Three-dimensional clustering of human RAG2 gene mutations in severe combined immune deficiency.
J Biol Chem
; 275(17): 12672-5, 2000 Apr 28.
Article
em En
| MEDLINE
| ID: mdl-10777560
ABSTRACT
The V(D)J recombination, which leads to the somatic rearrangement of variable, diversity, and joining segments, is the mechanism accountable for the diversity of T cell receptor- and Ig-encoding genes. The products of the RAG1 and RAG2 genes are the lymphoid-specific factors responsible for the initiation of the V(D)J recombination through the generation of a DNA double strand break.
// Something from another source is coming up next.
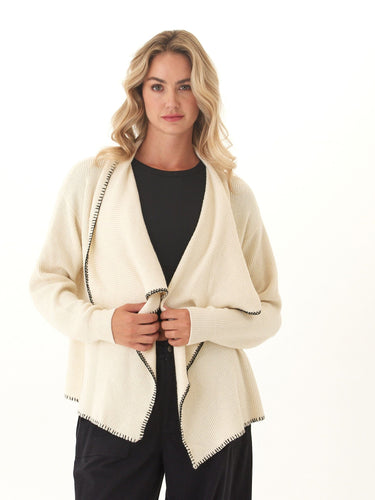 Esmae Cozy Solid Knit Sweater Cardigan Womens Outerwear Sweater Threads 4 Thought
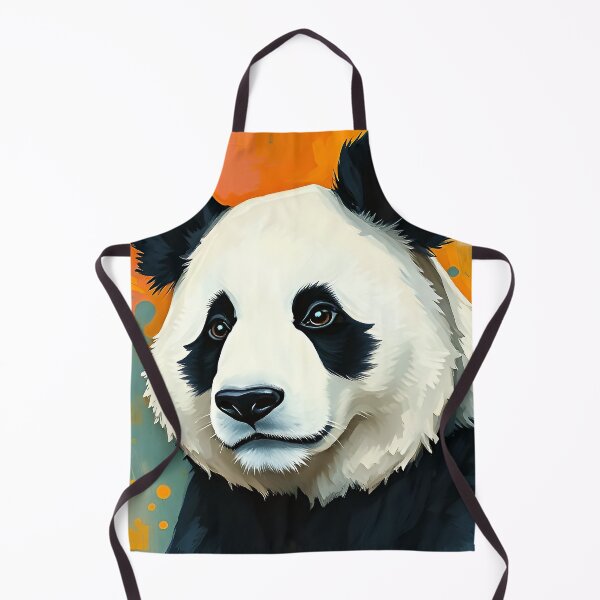 Item preview, Giant Panda Abstract Artwork. Panda Bear Conservation Wildlife designed and sold by kakarikihill.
RAG1 or RAG2 gene inactivation in the mouse leads to abortion of the V(D)J rearrangement process, early block in both T and B cell maturation, and, ultimately, to severe combined immune deficiency (SCID). A human SCID condition is also characterized by an absence of mature T and B lymphocytes and is associated with mutations in either RAG1- or RAG2-encoding genes. Based on the predicted beta-propeller three-dimensional structure model for RAG2, we found that six out of the seven mutations described to date in T-B-SCID patients are clustered on one side of the propeller, in regions exposed to solvent. This finding reinforces the biological significance of this predicted model and suggests that RAG1 interacts with RAG2 on one of the side of the scaffold formed by the beta-propeller.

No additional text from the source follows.